Mengenal Carolina Marin, Sang Bintang Lapangan Bulu Tangkis

Mengenal Carolina Marin, Sang Bintang Lapangan Bulu Tangkis

Lalu, apa saja yang dilakukan Carolina agar berhasil menggapai cita-citanya di lapangan? 

Carolina Marin memang Lahir di Madrid, Spanyol, pada 25 tahun silam. Sekilas, Marin terlihat seperti sosok pendiam, tak banyak bicara. Namun, ketika ditanya soal perjalanan hidup dan karirnya, Marin dengan ramah dan bersahabat menceritakannya.

Perempuan milenial ini tentu beruntung lahir di zaman modern. Hal itu membuatnya semakin mudah mendapatkan akses untuk menggapai cita-citanya. Marin sudah mendapatkan banyak gelar dan prestasi. Sebut saja gelar juara 1 dunia BWF sudah disandangnya di nomor tunggal putri.

Baginya, tak ada hari tanpa berlatih badminton. Badminton adalah hidupnya. Dia berusaha membuat olahraga itu populer di negaranya yang selama ini selalu terkenal dengan olahraga sepak bola.

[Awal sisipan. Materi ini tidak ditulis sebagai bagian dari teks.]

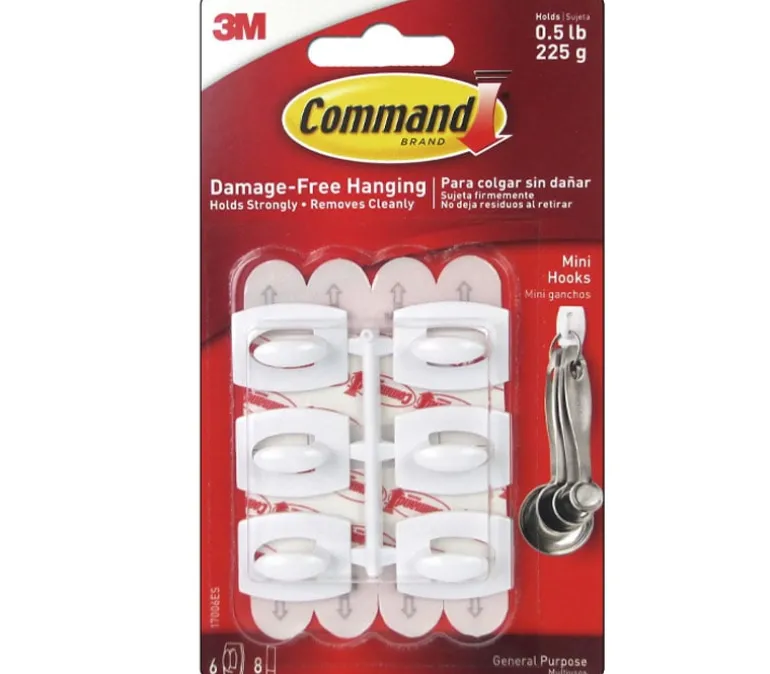 Command Adhesive Hook – Mini White – 6 Piece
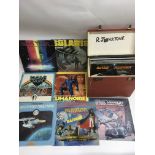 A collection of sci-fi soundtrack LPs including Bl
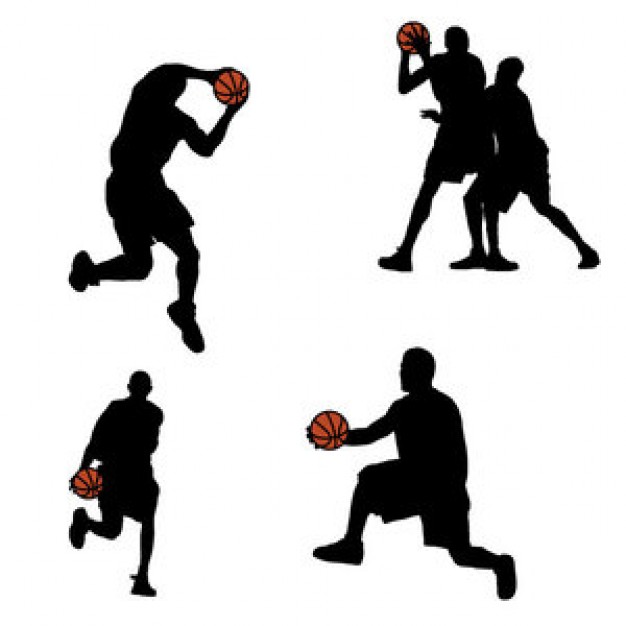 626x626 Basketball Players Silhouettes Background Vector Set Vector Free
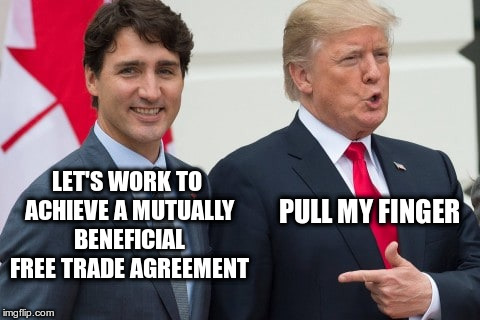 "Negotiating" in the Trump era. | LET'S WORK TO ACHIEVE A MUTUALLY BENEFICIAL FREE TRADE AGREEMENT; PULL MY FINGER | image tagged in trudeau,trump,canada,nafta,free trade,humor | made w/ Imgflip meme maker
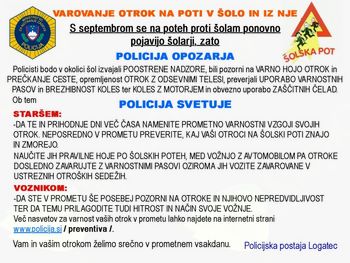 Policija svetuje - varovanje otrok na poti v šolo in iz nje 2018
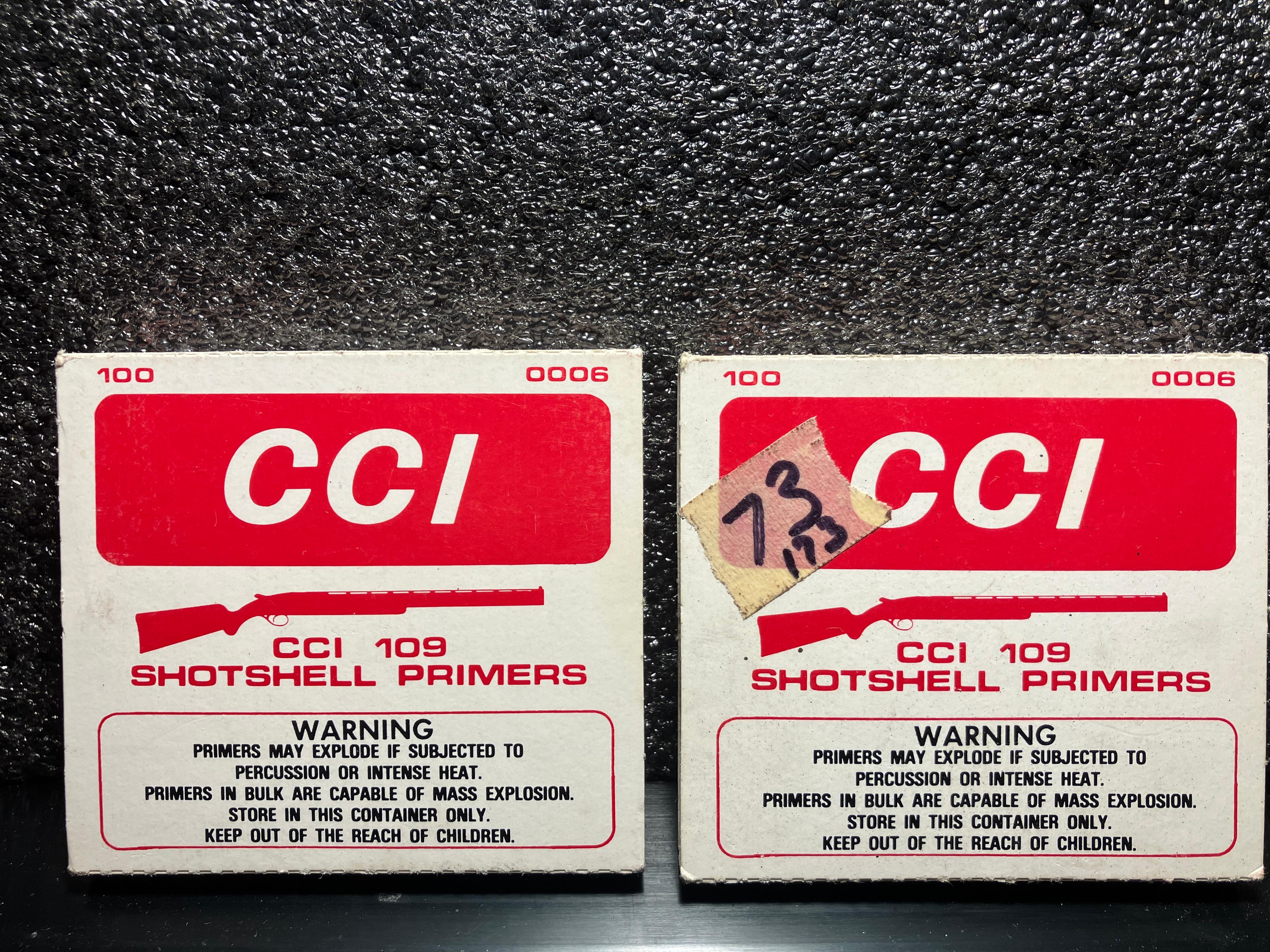 Photo of PRIMERS - CCI-157 SHOT SHELL( 672 )  - CCI-109 SHOT SHELL (173)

“Setiap hari saya bermain dan berlatih. Saya suka dan enjoy dengan apa yang saya lakukan. Saya bertemu banyak orang di dunia, banyak pemain hebat,” ujarnya di Hotel Gran Melia, Kuningan, Jakarta menjelang turnamen Indonesia Masters 2018.

Selain badminton, tak ada olahraga lain yang dijalani Marin. Baginya, sangat penting untuk tetap fokus di bidang badminton. Meskipun kini tengah sibuk dengan jabatannya sebagai Duta atau Brand Ambassador Meliá Hotels International, Marin tetap harus konsisten untuk berlatih.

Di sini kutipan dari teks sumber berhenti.